PROMPT: Each line below should be copied exactly as it stands.

GIVEN RECORDS:
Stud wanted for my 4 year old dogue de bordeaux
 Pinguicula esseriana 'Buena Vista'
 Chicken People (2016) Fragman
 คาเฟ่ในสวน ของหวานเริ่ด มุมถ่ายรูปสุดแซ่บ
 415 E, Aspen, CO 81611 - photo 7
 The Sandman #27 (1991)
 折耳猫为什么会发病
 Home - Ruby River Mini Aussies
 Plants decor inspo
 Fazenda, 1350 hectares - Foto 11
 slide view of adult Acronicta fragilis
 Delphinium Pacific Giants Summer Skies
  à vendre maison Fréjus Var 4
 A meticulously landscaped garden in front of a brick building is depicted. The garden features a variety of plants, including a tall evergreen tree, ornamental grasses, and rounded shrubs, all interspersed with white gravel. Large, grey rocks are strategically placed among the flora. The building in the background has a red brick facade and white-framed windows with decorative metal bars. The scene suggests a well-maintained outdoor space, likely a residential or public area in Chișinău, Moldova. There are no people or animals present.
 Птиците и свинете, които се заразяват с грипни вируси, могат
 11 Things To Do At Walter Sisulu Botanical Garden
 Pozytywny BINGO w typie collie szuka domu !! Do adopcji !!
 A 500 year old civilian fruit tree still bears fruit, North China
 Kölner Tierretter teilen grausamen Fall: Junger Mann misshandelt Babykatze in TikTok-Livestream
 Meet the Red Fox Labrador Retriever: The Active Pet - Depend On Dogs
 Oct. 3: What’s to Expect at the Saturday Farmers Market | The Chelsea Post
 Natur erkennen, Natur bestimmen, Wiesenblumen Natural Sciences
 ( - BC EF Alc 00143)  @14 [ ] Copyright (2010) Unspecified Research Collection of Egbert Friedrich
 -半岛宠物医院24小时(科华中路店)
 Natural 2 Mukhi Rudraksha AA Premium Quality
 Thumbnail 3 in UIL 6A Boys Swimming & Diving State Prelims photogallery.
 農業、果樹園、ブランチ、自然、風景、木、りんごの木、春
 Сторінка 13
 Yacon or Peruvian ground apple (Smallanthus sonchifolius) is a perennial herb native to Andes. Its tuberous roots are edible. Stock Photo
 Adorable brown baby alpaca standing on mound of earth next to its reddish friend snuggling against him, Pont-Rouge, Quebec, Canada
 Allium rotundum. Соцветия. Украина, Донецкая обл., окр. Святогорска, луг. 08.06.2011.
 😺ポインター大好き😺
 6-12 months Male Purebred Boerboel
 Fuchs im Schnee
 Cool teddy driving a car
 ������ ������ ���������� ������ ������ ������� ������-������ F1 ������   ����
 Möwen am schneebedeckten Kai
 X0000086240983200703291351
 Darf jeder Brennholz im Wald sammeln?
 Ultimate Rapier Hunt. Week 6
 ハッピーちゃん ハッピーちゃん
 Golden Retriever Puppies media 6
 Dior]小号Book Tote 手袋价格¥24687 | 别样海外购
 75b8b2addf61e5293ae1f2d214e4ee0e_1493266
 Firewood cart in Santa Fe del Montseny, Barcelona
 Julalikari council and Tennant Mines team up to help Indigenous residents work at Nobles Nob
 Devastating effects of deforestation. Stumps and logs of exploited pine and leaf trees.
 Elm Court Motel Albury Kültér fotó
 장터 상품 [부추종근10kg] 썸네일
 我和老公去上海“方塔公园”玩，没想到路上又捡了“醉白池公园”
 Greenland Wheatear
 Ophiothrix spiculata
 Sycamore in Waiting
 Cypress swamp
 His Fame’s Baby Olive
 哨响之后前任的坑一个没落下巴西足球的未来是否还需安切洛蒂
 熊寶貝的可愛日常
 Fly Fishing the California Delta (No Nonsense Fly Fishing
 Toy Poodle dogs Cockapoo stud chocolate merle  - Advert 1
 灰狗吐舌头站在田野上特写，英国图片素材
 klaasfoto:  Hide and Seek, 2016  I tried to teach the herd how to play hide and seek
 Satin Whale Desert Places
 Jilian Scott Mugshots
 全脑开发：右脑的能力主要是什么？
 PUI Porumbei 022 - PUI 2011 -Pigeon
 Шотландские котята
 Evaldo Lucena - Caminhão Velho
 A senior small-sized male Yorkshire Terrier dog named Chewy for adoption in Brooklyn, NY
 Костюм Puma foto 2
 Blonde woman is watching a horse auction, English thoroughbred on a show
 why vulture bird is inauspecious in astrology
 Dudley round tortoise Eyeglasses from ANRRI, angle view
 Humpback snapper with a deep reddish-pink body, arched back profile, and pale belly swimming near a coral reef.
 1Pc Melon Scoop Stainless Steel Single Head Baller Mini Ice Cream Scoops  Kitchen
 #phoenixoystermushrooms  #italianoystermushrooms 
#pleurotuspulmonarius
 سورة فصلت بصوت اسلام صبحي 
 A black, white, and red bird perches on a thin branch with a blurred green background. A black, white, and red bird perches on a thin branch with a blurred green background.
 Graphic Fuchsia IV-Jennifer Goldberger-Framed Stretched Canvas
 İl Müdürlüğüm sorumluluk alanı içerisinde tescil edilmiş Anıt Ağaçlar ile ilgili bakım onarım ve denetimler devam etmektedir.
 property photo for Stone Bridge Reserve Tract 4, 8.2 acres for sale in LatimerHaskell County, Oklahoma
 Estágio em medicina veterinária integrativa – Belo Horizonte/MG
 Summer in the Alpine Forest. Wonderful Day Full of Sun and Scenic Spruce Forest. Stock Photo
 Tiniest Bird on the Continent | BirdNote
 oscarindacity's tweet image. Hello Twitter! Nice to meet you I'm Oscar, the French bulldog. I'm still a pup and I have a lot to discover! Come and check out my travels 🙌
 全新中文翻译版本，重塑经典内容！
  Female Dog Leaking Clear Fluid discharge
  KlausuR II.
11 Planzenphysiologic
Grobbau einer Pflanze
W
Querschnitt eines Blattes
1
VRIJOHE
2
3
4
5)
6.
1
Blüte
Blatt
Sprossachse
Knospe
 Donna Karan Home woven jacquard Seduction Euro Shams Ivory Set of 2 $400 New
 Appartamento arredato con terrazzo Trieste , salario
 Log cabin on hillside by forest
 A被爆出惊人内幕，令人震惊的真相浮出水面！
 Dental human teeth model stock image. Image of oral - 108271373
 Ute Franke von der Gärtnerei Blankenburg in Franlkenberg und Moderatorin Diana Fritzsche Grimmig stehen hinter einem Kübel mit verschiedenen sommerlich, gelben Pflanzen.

RESPONSE AREA:
Stud wanted for my 4 year old dogue de bordeaux
 Pinguicula esseriana 'Buena Vista'
 Chicken People (2016) Fragman
 คาเฟ่ในสวน ของหวานเริ่ด มุมถ่ายรูปสุดแซ่บ
 415 E, Aspen, CO 81611 - photo 7
 The Sandman #27 (1991)
 折耳猫为什么会发病
 Home - Ruby River Mini Aussies
 Plants decor inspo
 Fazenda, 1350 hectares - Foto 11
 slide view of adult Acronicta fragilis
 Delphinium Pacific Giants Summer Skies
  à vendre maison Fréjus Var 4
 A meticulously landscaped garden in front of a brick building is depicted. The garden features a variety of plants, including a tall evergreen tree, ornamental grasses, and rounded shrubs, all interspersed with white gravel. Large, grey rocks are strategically placed among the flora. The building in the background has a red brick facade and white-framed windows with decorative metal bars. The scene suggests a well-maintained outdoor space, likely a residential or public area in Chișinău, Moldova. There are no people or animals present.
 Птиците и свинете, които се заразяват с грипни вируси, могат
 11 Things To Do At Walter Sisulu Botanical Garden
 Pozytywny BINGO w typie collie szuka domu !! Do adopcji !!
 A 500 year old civilian fruit tree still bears fruit, North China
 Kölner Tierretter teilen grausamen Fall: Junger Mann misshandelt Babykatze in TikTok-Livestream
 Meet the Red Fox Labrador Retriever: The Active Pet - Depend On Dogs
 Oct. 3: What’s to Expect at the Saturday Farmers Market | The Chelsea Post
 Natur erkennen, Natur bestimmen, Wiesenblumen Natural Sciences
 ( - BC EF Alc 00143)  @14 [ ] Copyright (2010) Unspecified Research Collection of Egbert Friedrich
 -半岛宠物医院24小时(科华中路店)
 Natural 2 Mukhi Rudraksha AA Premium Quality
 Thumbnail 3 in UIL 6A Boys Swimming & Diving State Prelims photogallery.
 農業、果樹園、ブランチ、自然、風景、木、りんごの木、春
 Сторінка 13
 Yacon or Peruvian ground apple (Smallanthus sonchifolius) is a perennial herb native to Andes. Its tuberous roots are edible. Stock Photo
 Adorable brown baby alpaca standing on mound of earth next to its reddish friend snuggling against him, Pont-Rouge, Quebec, Canada
 Allium rotundum. Соцветия. Украина, Донецкая обл., окр. Святогорска, луг. 08.06.2011.
 😺ポインター大好き😺
 6-12 months Male Purebred Boerboel
 Fuchs im Schnee
 Cool teddy driving a car
 ������ ������ ���������� ������ ������ ������� ������-������ F1 ������   ����
 Möwen am schneebedeckten Kai
 X0000086240983200703291351
 Darf jeder Brennholz im Wald sammeln?
 Ultimate Rapier Hunt. Week 6
 ハッピーちゃん ハッピーちゃん
 Golden Retriever Puppies media 6
 Dior]小号Book Tote 手袋价格¥24687 | 别样海外购
 75b8b2addf61e5293ae1f2d214e4ee0e_1493266
 Firewood cart in Santa Fe del Montseny, Barcelona
 Julalikari council and Tennant Mines team up to help Indigenous residents work at Nobles Nob
 Devastating effects of deforestation. Stumps and logs of exploited pine and leaf trees.
 Elm Court Motel Albury Kültér fotó
 장터 상품 [부추종근10kg] 썸네일
 我和老公去上海“方塔公园”玩，没想到路上又捡了“醉白池公园”
 Greenland Wheatear
 Ophiothrix spiculata
 Sycamore in Waiting
 Cypress swamp
 His Fame’s Baby Olive
 哨响之后前任的坑一个没落下巴西足球的未来是否还需安切洛蒂
 熊寶貝的可愛日常
 Fly Fishing the California Delta (No Nonsense Fly Fishing
 Toy Poodle dogs Cockapoo stud chocolate merle  - Advert 1
 灰狗吐舌头站在田野上特写，英国图片素材
 klaasfoto:  Hide and Seek, 2016  I tried to teach the herd how to play hide and seek
 Satin Whale Desert Places
 Jilian Scott Mugshots
 全脑开发：右脑的能力主要是什么？
 PUI Porumbei 022 - PUI 2011 -Pigeon
 Шотландские котята
 Evaldo Lucena - Caminhão Velho
 A senior small-sized male Yorkshire Terrier dog named Chewy for adoption in Brooklyn, NY
 Костюм Puma foto 2
 Blonde woman is watching a horse auction, English thoroughbred on a show
 why vulture bird is inauspecious in astrology
 Dudley round tortoise Eyeglasses from ANRRI, angle view
 Humpback snapper with a deep reddish-pink body, arched back profile, and pale belly swimming near a coral reef.
 1Pc Melon Scoop Stainless Steel Single Head Baller Mini Ice Cream Scoops  Kitchen
 #phoenixoystermushrooms  #italianoystermushrooms 
#pleurotuspulmonarius
 سورة فصلت بصوت اسلام صبحي 
 A black, white, and red bird perches on a thin branch with a blurred green background. A black, white, and red bird perches on a thin branch with a blurred green background.
 Graphic Fuchsia IV-Jennifer Goldberger-Framed Stretched Canvas
 İl Müdürlüğüm sorumluluk alanı içerisinde tescil edilmiş Anıt Ağaçlar ile ilgili bakım onarım ve denetimler devam etmektedir.
 property photo for Stone Bridge Reserve Tract 4, 8.2 acres for sale in LatimerHaskell County, Oklahoma
 Estágio em medicina veterinária integrativa – Belo Horizonte/MG
 Summer in the Alpine Forest. Wonderful Day Full of Sun and Scenic Spruce Forest. Stock Photo
 Tiniest Bird on the Continent | BirdNote
 oscarindacity's tweet image. Hello Twitter! Nice to meet you I'm Oscar, the French bulldog. I'm still a pup and I have a lot to discover! Come and check out my travels 🙌
 全新中文翻译版本，重塑经典内容！
  Female Dog Leaking Clear Fluid discharge
  KlausuR II.
11 Planzenphysiologic
Grobbau einer Pflanze
W
Querschnitt eines Blattes
1
VRIJOHE
2
3
4
5)
6.
1
Blüte
Blatt
Sprossachse
Knospe
 Donna Karan Home woven jacquard Seduction Euro Shams Ivory Set of 2 $400 New
 Appartamento arredato con terrazzo Trieste , salario
 Log cabin on hillside by forest
 A被爆出惊人内幕，令人震惊的真相浮出水面！
 Dental human teeth model stock image. Image of oral - 108271373
 Ute Franke von der Gärtnerei Blankenburg in Franlkenberg und Moderatorin Diana Fritzsche Grimmig stehen hinter einem Kübel mit verschiedenen sommerlich, gelben Pflanzen.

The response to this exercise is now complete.